(Crawled caption data)

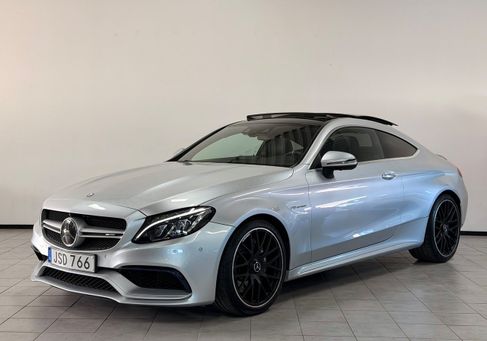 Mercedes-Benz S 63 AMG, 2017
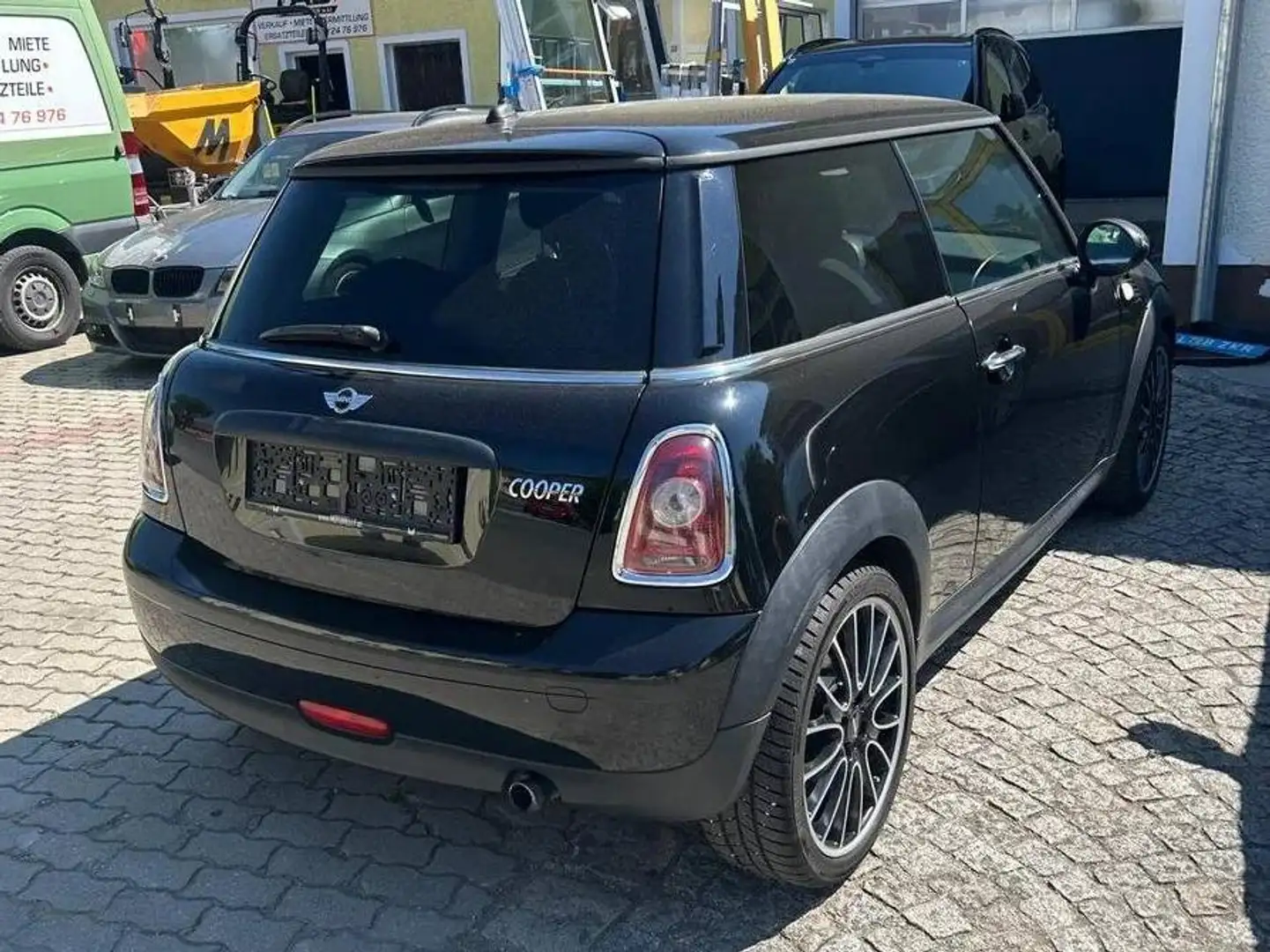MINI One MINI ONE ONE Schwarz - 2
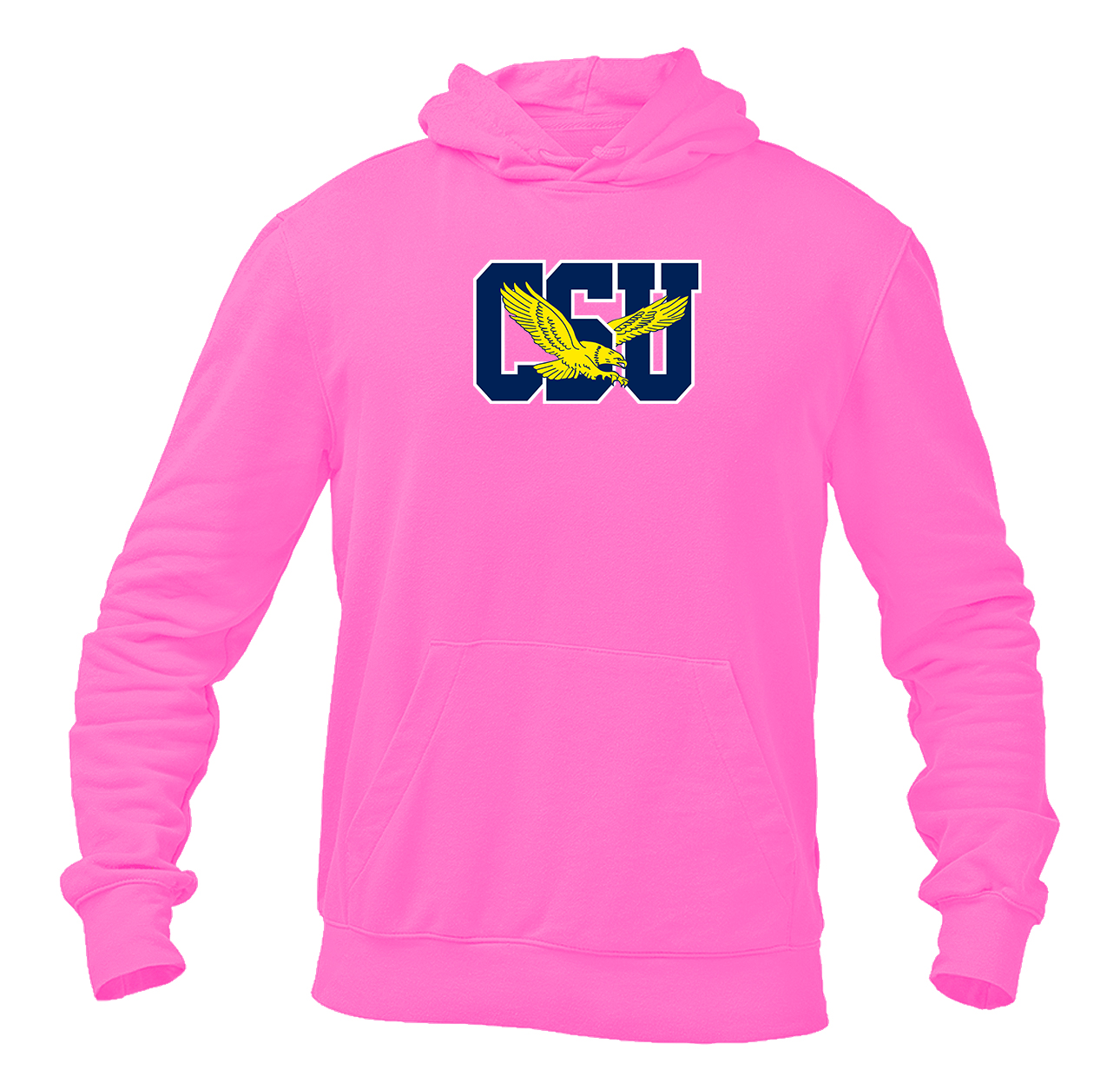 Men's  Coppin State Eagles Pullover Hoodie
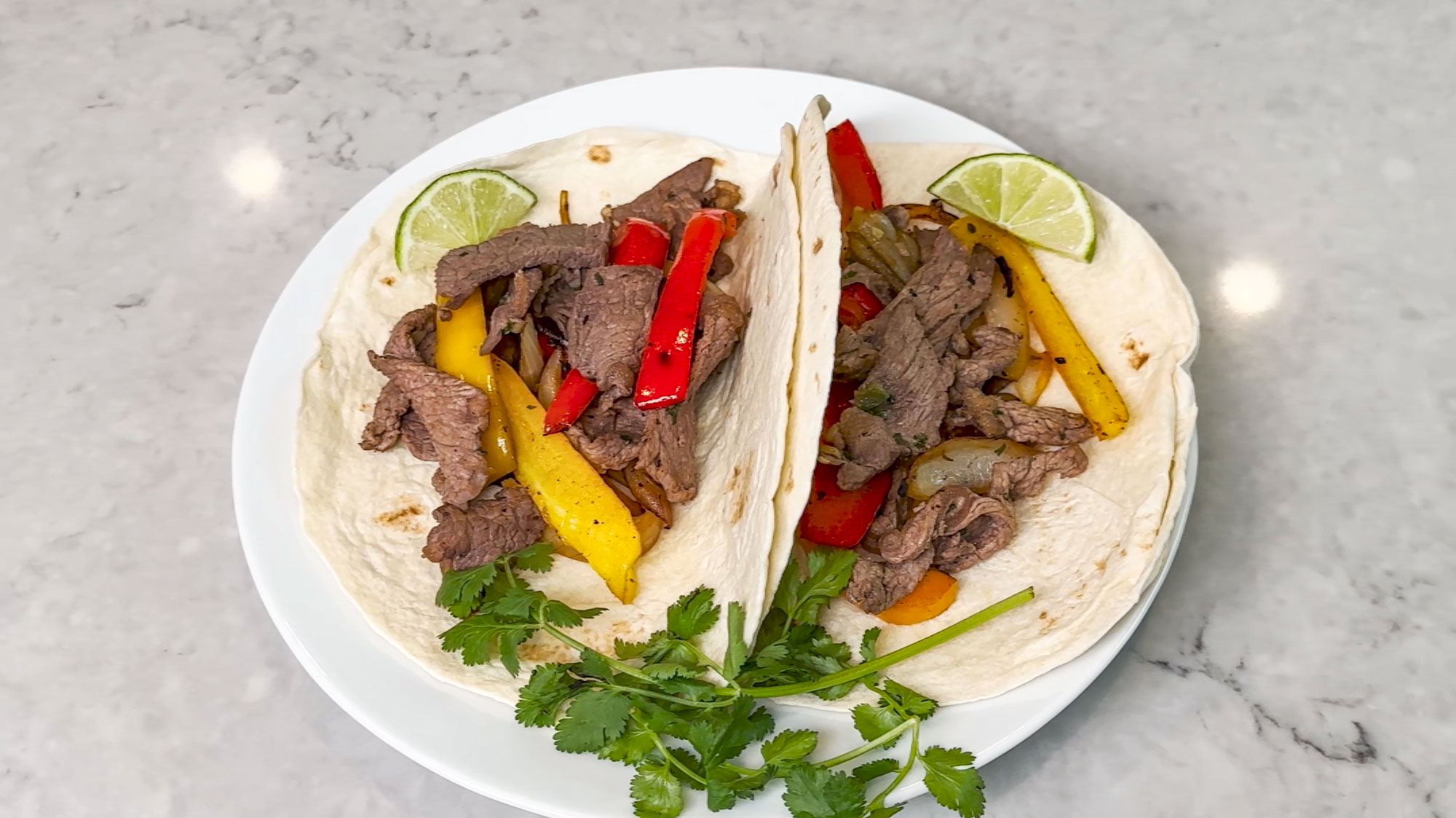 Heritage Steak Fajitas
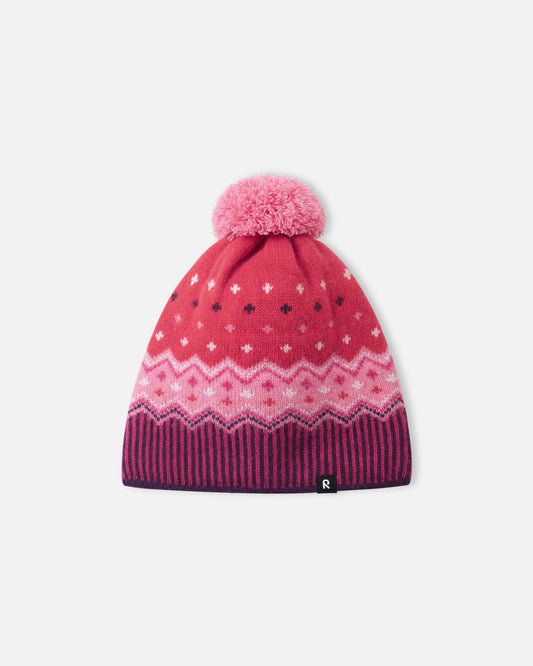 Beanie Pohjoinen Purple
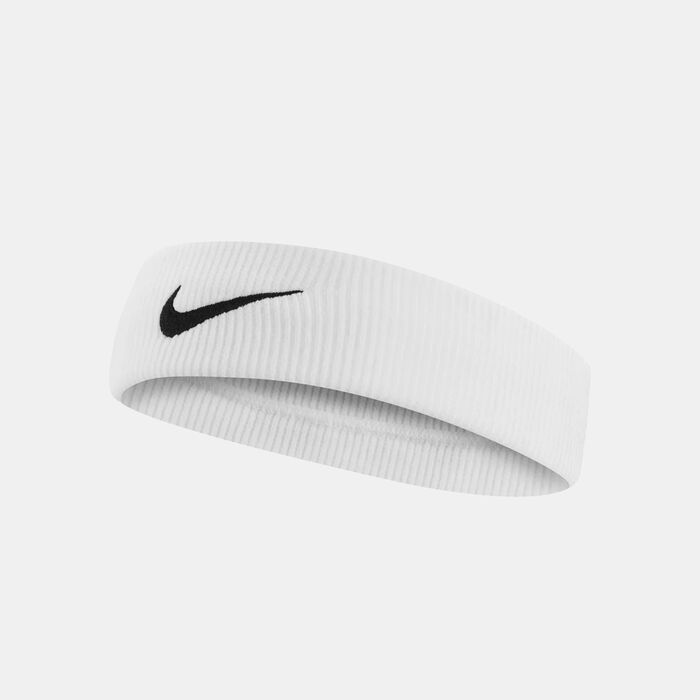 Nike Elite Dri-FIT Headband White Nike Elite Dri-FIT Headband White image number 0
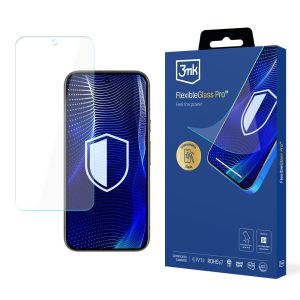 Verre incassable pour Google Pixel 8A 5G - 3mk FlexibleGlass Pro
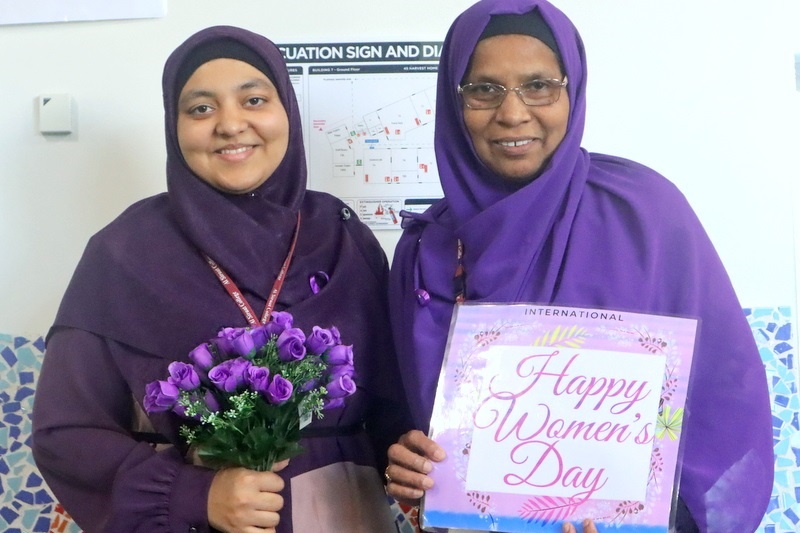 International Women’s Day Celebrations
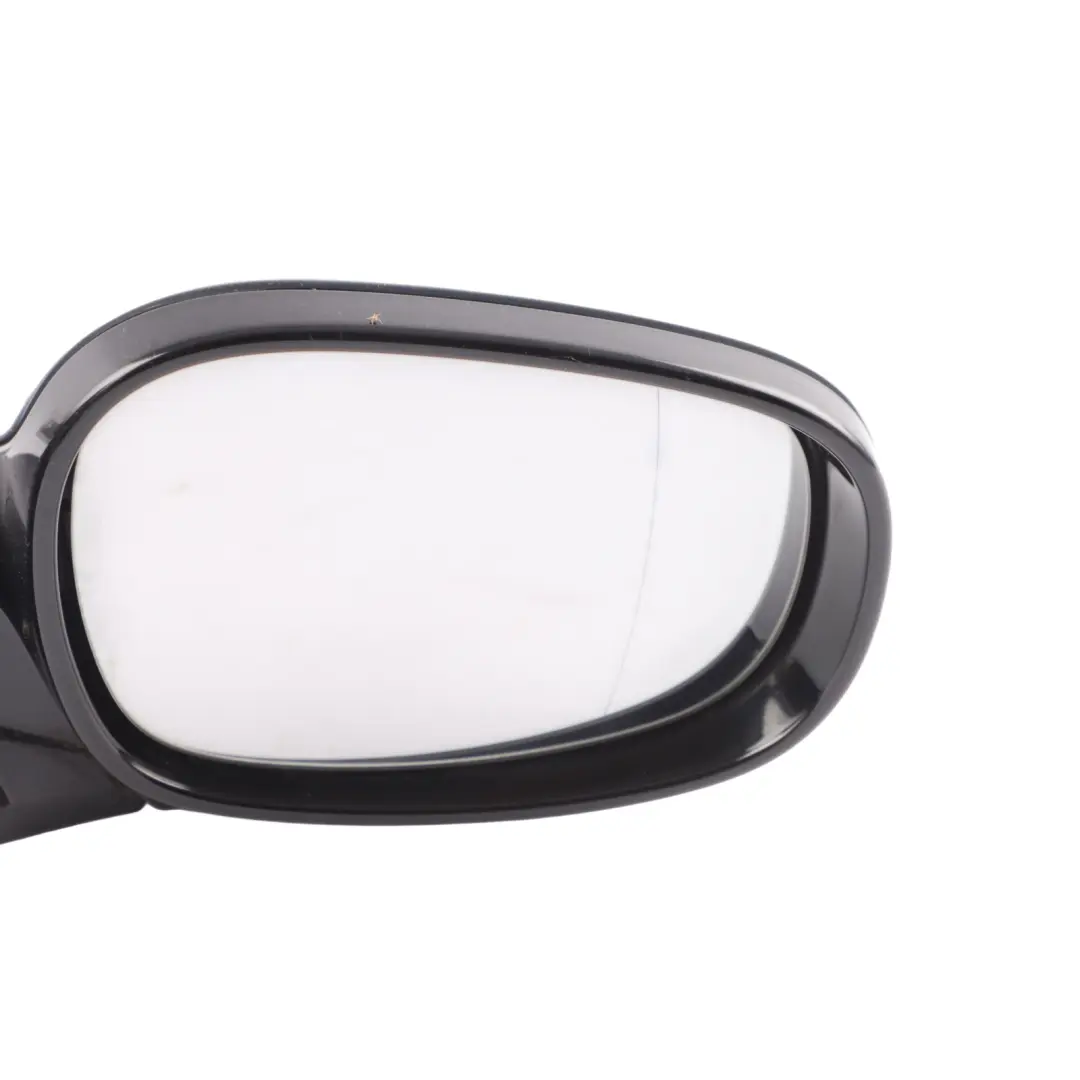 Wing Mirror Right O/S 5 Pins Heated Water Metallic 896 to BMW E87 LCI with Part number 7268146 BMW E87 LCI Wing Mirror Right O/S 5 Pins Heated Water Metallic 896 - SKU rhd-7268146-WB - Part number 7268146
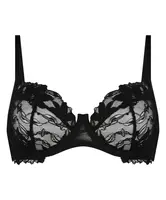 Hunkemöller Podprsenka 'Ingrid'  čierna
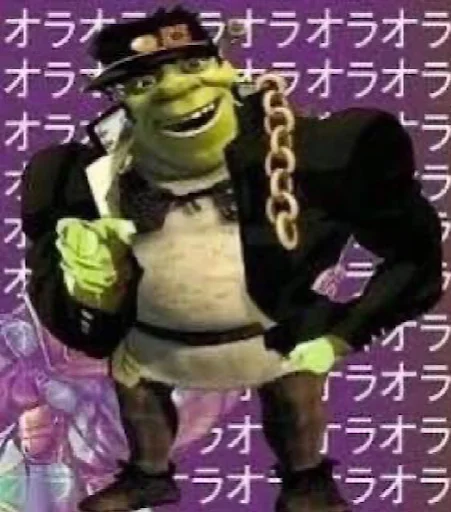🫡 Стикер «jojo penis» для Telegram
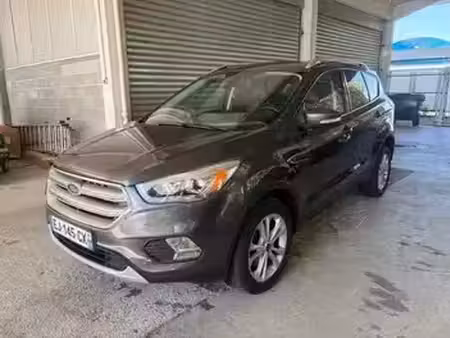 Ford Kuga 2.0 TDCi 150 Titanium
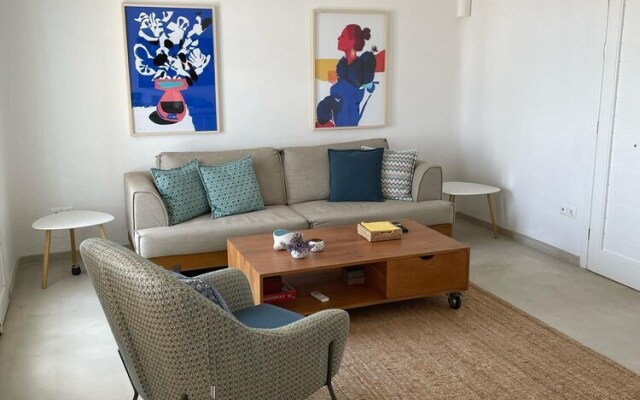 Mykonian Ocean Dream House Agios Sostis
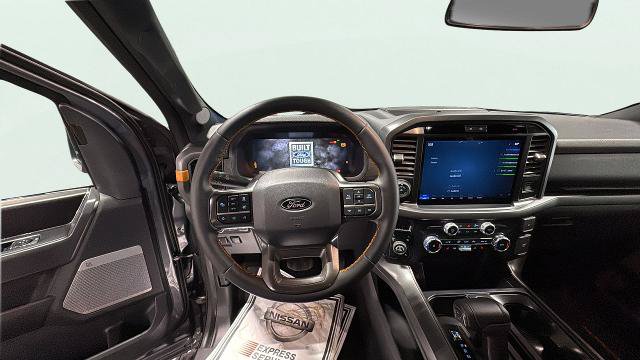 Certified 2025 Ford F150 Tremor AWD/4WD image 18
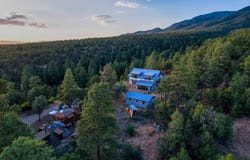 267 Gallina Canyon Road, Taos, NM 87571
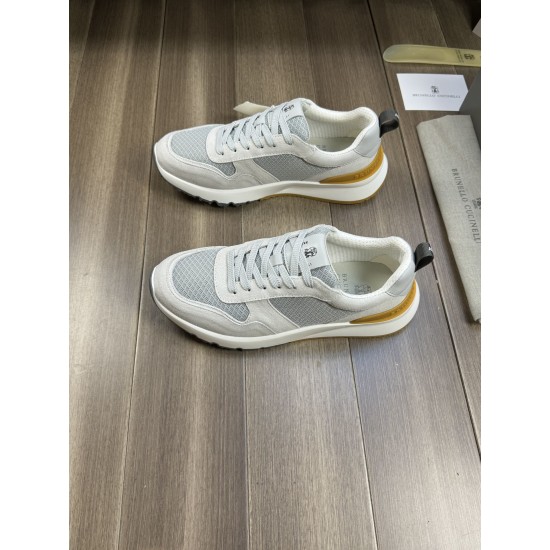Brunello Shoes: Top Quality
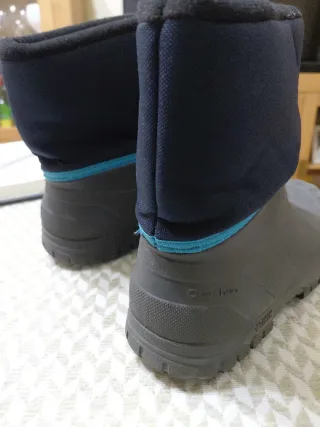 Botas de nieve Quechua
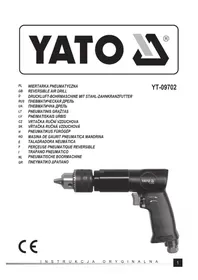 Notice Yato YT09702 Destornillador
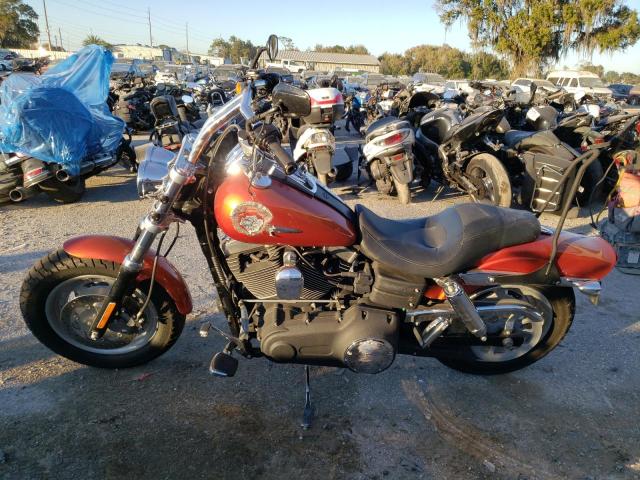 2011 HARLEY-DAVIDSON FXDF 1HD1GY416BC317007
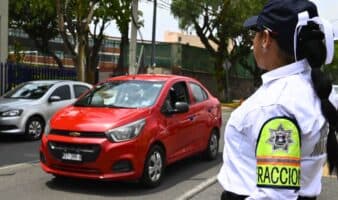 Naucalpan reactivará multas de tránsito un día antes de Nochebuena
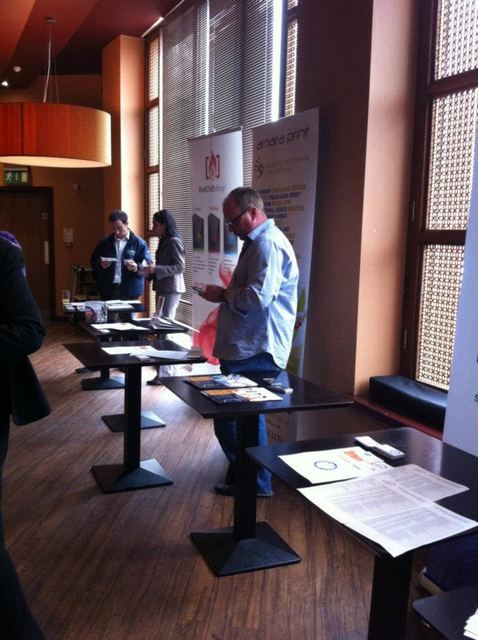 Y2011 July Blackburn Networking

- **WHAT THE TASK ASKS**
When you transcribe the entries above, keep every word exact and leave out the pictures.

- **OUTPUT FOR THIS EXERCISE**
 Mercedes-Benz S 63 AMG, 2017
MINI One MINI ONE ONE Schwarz - 2
 Men's  Coppin State Eagles Pullover Hoodie
 Heritage Steak Fajitas
 Beanie Pohjoinen Purple
 Nike Elite Dri-FIT Headband White Nike Elite Dri-FIT Headband White image number 0
 Verre incassable pour Google Pixel 8A 5G - 3mk FlexibleGlass Pro
 International Women’s Day Celebrations
 Wing Mirror Right O/S 5 Pins Heated Water Metallic 896 to BMW E87 LCI with Part number 7268146 BMW E87 LCI Wing Mirror Right O/S 5 Pins Heated Water Metallic 896 - SKU rhd-7268146-WB - Part number 7268146
 Hunkemöller Podprsenka 'Ingrid'  čierna
🫡 Стикер «jojo penis» для Telegram
 Ford Kuga 2.0 TDCi 150 Titanium
 Mykonian Ocean Dream House Agios Sostis
 Certified 2025 Ford F150 Tremor AWD/4WD image 18
 267 Gallina Canyon Road, Taos, NM 87571
Brunello Shoes: Top Quality
 Botas de nieve Quechua
 Notice Yato YT09702 Destornillador
 2011 HARLEY-DAVIDSON FXDF 1HD1GY416BC317007
 Naucalpan reactivará multas de tránsito un día antes de Nochebuena
 Y2011 July Blackburn Networking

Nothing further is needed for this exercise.